Today I’d like to talk to you about confidence.  All sorts of things can knock our self-esteem sideways, and sometimes we might not realise how much of our oomph we’ve lost until it feels too late to do anything about it.  Whether it’s a soul-destroying job or a bad break up, we all go through things that can leave us feeling diminished.

In The Sound of Music, Julie Andrews’ nun-turned-governess attempts to overcome her own confidence issues by literally singing herself into self-belief.  While I appreciate that marching through the streets of Salzburg with a guitar and an enormous hat might have its psychological benefits, I’m not sure how practical that course of action is for most of us.  Let’s find a slightly less extreme way of battling our blues.

First of all, confidence is – and forgive me for getting a bit theatre-ish out of context – a huge piece of performance.  Some people who seem confident aren’t actually feeling too great about themselves, which is why we tend to respond negatively to arrogance: we can vaguely detect a whiff of bullpoo beneath the boasting.  Having said that, putting on a show of confidence will inevitably lead to you feeling better about yourself.  After all, if you can convince people around you that you are something special (which you definitely and truly are), then you will eventually manage to convince yourself.  We should act confidently but not arrogantly, basically.  Confidence comes from reality and arrogance comes from misplaced wishful thinking.

Secondly, take the time to be proud of yourself for things that you’re good at.  Something as small as making the perfect cup of tea or being especially good at opening tricky jars is still a point in your favour.  It is silly at best and damaging at worst to dismiss your virtues as “only” this or “not as good as” whatever.  A talent is a talent, so don’t discredit yours.  I guarantee you that for every seemingly insignificant skill you have there will be a hundred people who are desperately envious of it.

Thirdly, listen to people who compliment you (unless you can sense that aforementioned scent of offensive falsehood, in which case put your hand over your nose and back away slowly).  People who know you and love you don’t say nice things about you for the hell of it: they want you to see yourself the way they see you.  I know for a fact that I have become more confident during the past few months, and that my friends have been pleasantly surprised by my reduced (only incrementally reduced, but still reduced) tendency to beat myself up over stuff that doesn’t matter.

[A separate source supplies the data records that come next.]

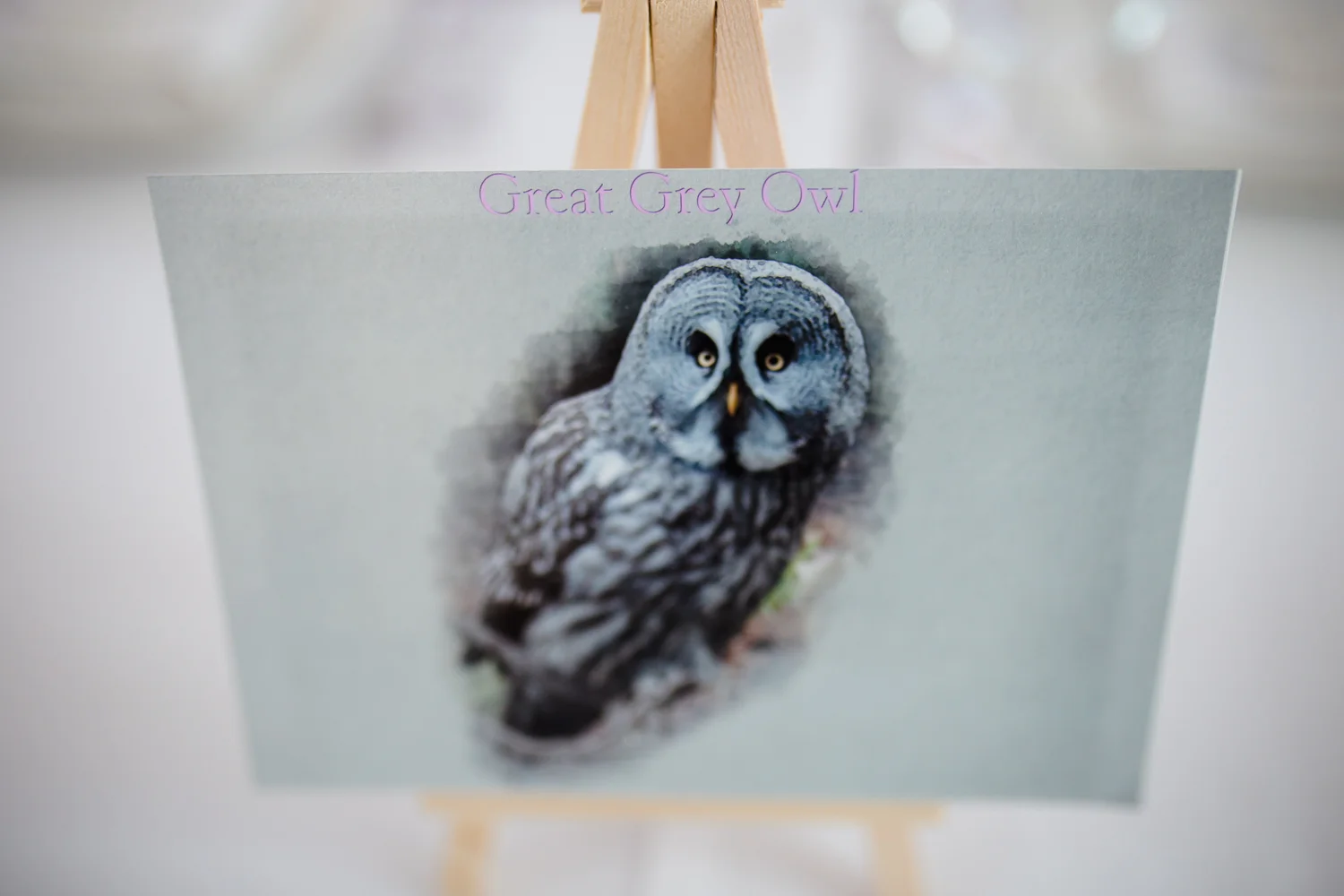 KATHRYN_CLARKE-MCLEOD_PHOTOGRAPHY-32.jpg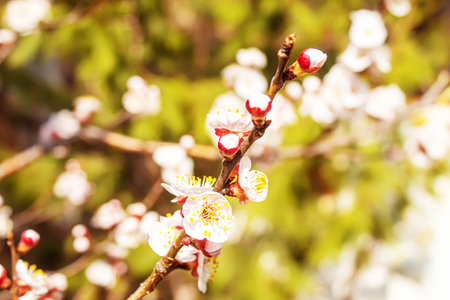 Blooming tree in spring. Fresh pink flowers on branch of fruit tree. Selective focus.natureの写真素材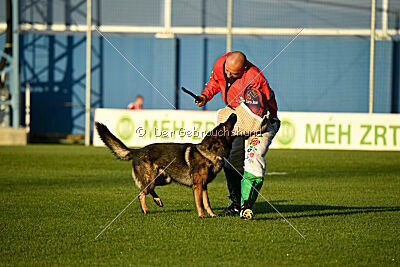 Malik vom Herrenhaus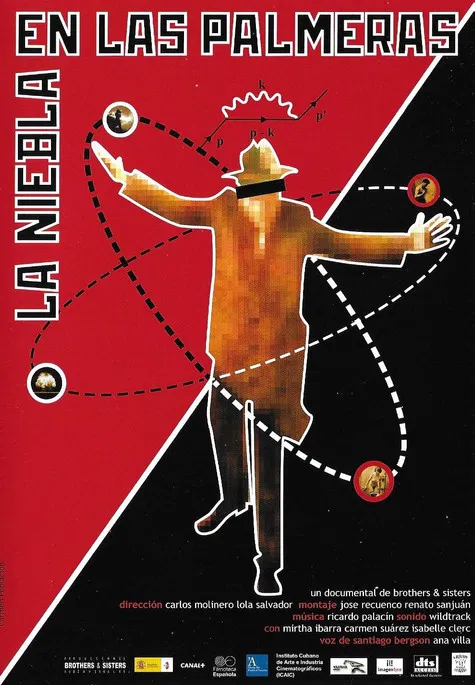 The Mist in the Palm Trees poster background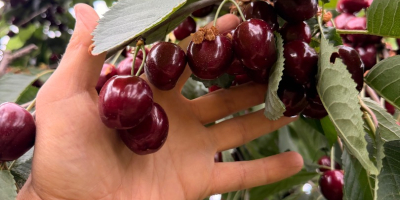 Venderé cerezas 28+ 30+ Kordia, Regina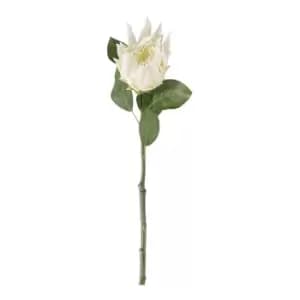 Image of Gallery Interiors Set of 6 Cassius Protea Stem White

Next, don’t let the little things get you down.  One bad date or one failed job application does not take anything away from who you are.  Hundreds of bad dates and thousands of failed job applications doesn’t make any difference, either.  Just because some people don’t recognise what you are capable of does not mean that you aren’t good enough.  After all, you know yourself a lot better than these people do, so who are they to make you doubt yourself?

Finally, understand that everyone is battling with the same self-doubt as you are.  The wise-cracker at a party who has everyone in stitches might be desperately unsure of ever finding love, or the perpetually popular party girl might be riddled with uncertainty about her personality being as attractive as her face.  You are not the only person whose confidence is fragile or a façade.  If you get the hang of being genuinely nice to yourself, you can spend more time telling the people you love all the nice things that you appreciate about them.

In fact, go and do that right now – tell a friend or loved one something that you like about them.  Hopefully it will kick-start a truly marvellous Tuesday.